Sir Anthony Foster Abell was a British colonial official who was Governor of Sarawak and High Commissioner to Brunei.

Career

Abell was born in Bridgnorth, Shropshire, on 11 December 1906, the son of George and Jessie Abell, his father was a Bank Manager.
Abell was educated at Repton School and Magdalen College, Oxford, though he failed to get a degree. He joined the then Colonial Administrative Service in 1929 and was posted to Nigeria.

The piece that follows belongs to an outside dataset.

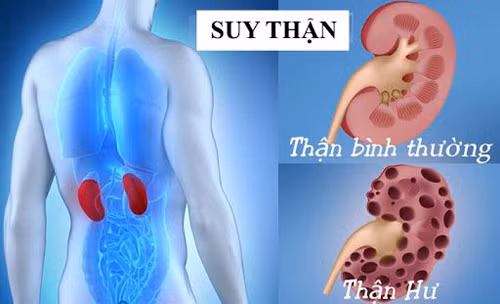 Điều đáng bàn, thói quen sinh hoạt không khoa học cùng các yếu tố môi trường khiến ngày càng có nhiều người mắc các bệnh về thận. Ở đó, suy thận là tình trạng thận bị mất chức năng, không còn khả năng lọc các chất thải từ máu. Điều này dẫn đến những chất thải trong máu không thể lọc ra ngoài và tích tụ lại trong cơ thể.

In 1942 he took part in Operation Postmaster, a successful raid on German and Italian ships in the port of Santa Isabella on Fernando Po, then a Spanish colony, although Spain was neutral in World War II. He was appointed Resident of Oyo Province in western Nigeria in 1949, but the following year he was offered the governorship of Sarawak, where he was concurrently High Commissioner to Brunei.
Abell retired in 1959 but was a member of selection boards for both the Colonial Service and the police, and was also invited to sit on the Cobbold Commission on the future of North Borneo and Sarawak. He was Gentleman Usher of the Blue Rod 1972–79.
Abell was appointed CMG in 1950 and knighted KCMG in the 1952 New Year Honours. In 1954 the Sultan of Brunei awarded him the Family Order of Brunei, First Class, "in recognition of valuable services rendered".
Abell died on 8 October 1994 in Winchester district of Hampshire aged 87.